Sie laufen wieder: Heidi Klums Kandidatinnen bei „Germany’s Next Topmodel“. Und allen Kritikern, die bereits ihre Stifte gezückt hatten, um zu notieren, was in der Show alles schiefläuft, nahm Klum gleich zu Beginn den Wind aus den Segeln. Oder sagen wir besser: Sie hat es versucht.
Denn die neue und mittlerweile 18. Staffel von „GNTM“, wie Fans sagen, startete mit ernsten Worten: Klum bezog in einer direkten Ansprache ans Publikum Stellung zu fast jedem Vorwurf, der ihr oder der Show in den vergangenen Jahren gemacht wurde: fragwürdige Frauenbilder, Manipulation, Falschdarstellung ...

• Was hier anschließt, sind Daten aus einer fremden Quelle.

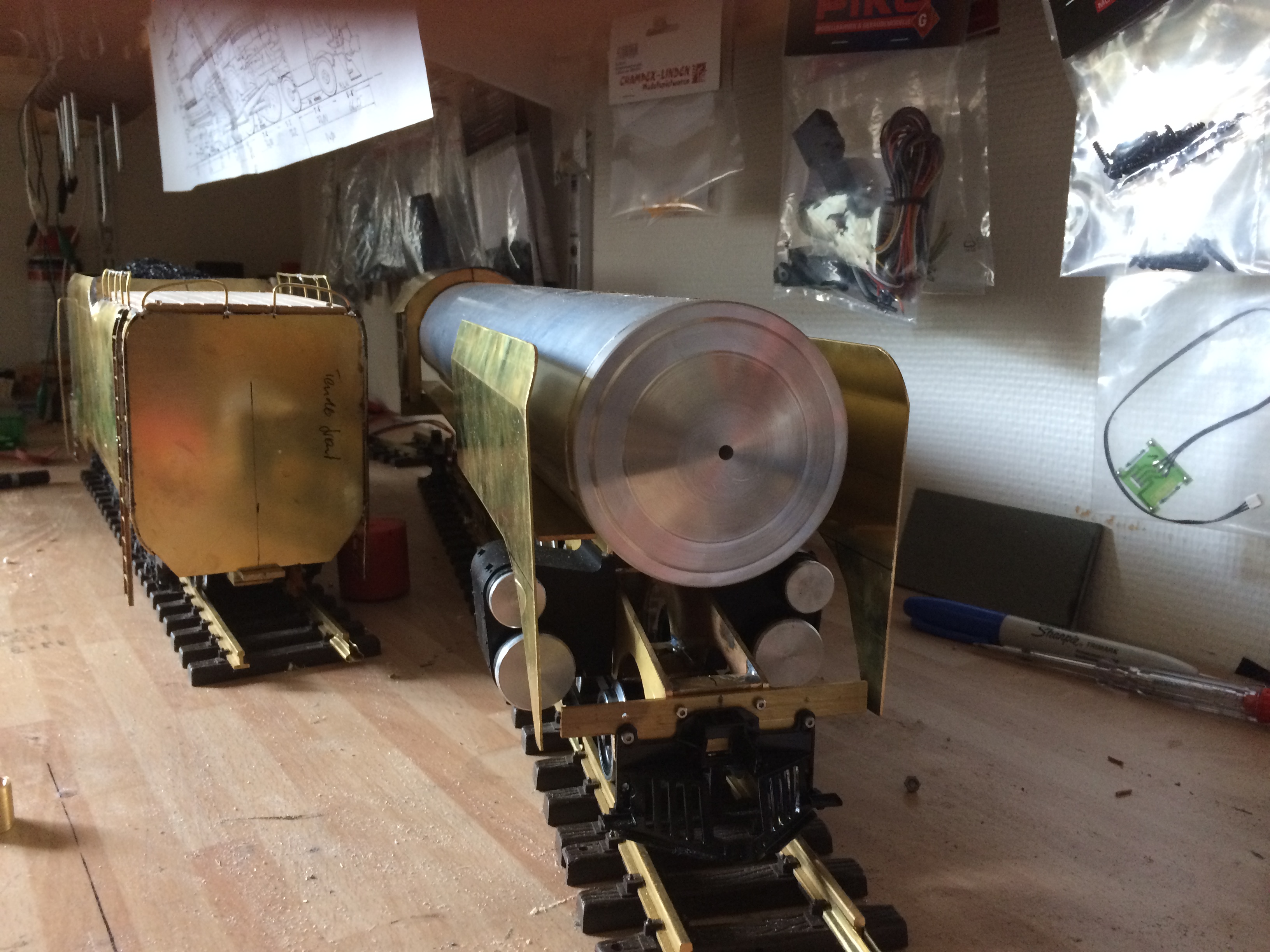 4-8-4 1:29 Brass - Kitbashing & Model Making - G Scale Train Forum.com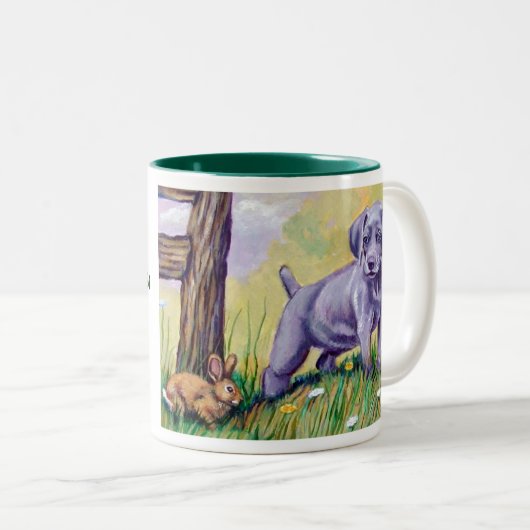 Weimaraner Puppy Mok (Voorkant rechts)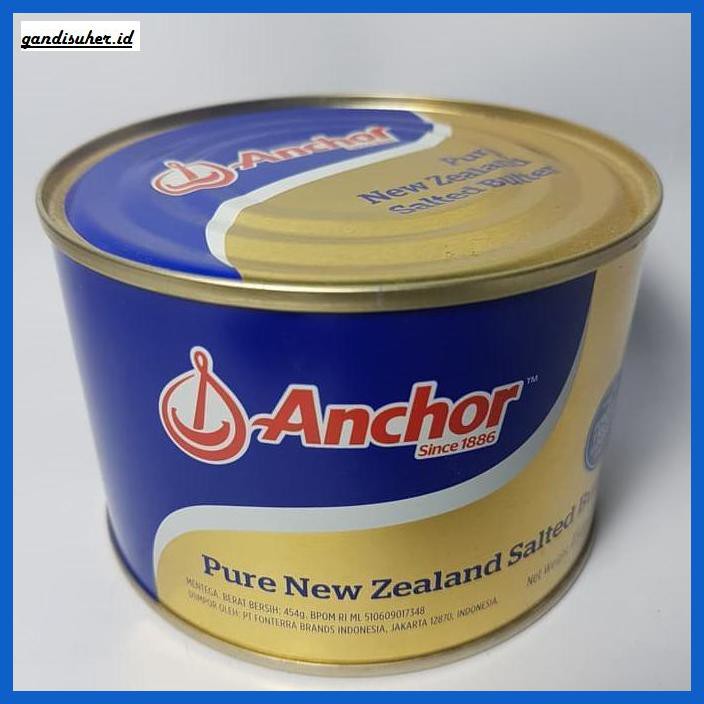 Jual Rettubagetnem Anchor Salted Butter Gr Mentega Asin Kaleng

Erfolglose Schadensbegrenzung
Peyman Amin, ehemaliger Juror der Sendung, sieht darin den Versuch, „einen Scherbenhaufen zusammenzukehren“. Die „Frankfurter Allgemeine Zeitung“ nennt Klums Ansprache eine „schadensbegrenzende Rehabilitierungs-Doku“. Mit Blick auf die sinkenden Einschaltquoten scheint das nicht aus der Luft gegriffen.
Erfolgreich war Klum mit ihren Rechtfertigungsversuchen nicht. Wenn die Kritik an „GNTM“ eine Rauchbombe ist, dann war Klums Reaktion nicht viel mehr als eine Knallerbse.
Aber trotz allem Verständnis an den Vorwürfen gegenüber „GNTM“ bringt es nichts, eine einzelne Frau zum Sündenbock einer von Eitelkeiten geprägten Branche zu machen. Es verwundert nicht, dass Klum zu ihrer Verteidigung Parallelen zu den Anfängen ihrer eigenen Karriere zieht, um klarzumachen: Früher war das alles noch viel schlimmer! Denn man kann ohne Zweifel sagen: Ja, das war es. Klum selbst wurde, wie sie sagt, häufig nach Hause geschickt, weil sie nicht in Größe 34 passte. Willkommen in der Welt der Magermodels. Doch die 49-Jährige gesteht ein, dass auch ihre Show sich weiterentwickelt hat, sprich: dass auch sie in der Vergangenheit Fehler gemacht hat.
Dieser Prozess des Dazulernens ist aber noch lange nicht abgeschlossen – auch wenn Klum vermutlich widersprechen würde. Denn: Sie setzt jetzt auf Vielfältigkeit. Und nicht nur das. „Wo Diversity bei anderen aufhört, machen wir ein ganzes Stück weiter“, behauptet sie in ihrer Ansprache.
Damit wären wir beim Klumschen Zauberwort angekommen. Es soll zeigen, dass heute alles anders ist. „GNTM“ ist seit einigen Jahren divers, sprich: Das Feld der Teilnehmerinnen ist vielfältiger. Während früher alle Frauen, die Kurven hatten, kleiner als 1,70 Meter oder älter als 30 waren, nichts auf den Laufstegen dieser Welt zu suchen hatten, findet in der Branche gerade ein Umdenken statt.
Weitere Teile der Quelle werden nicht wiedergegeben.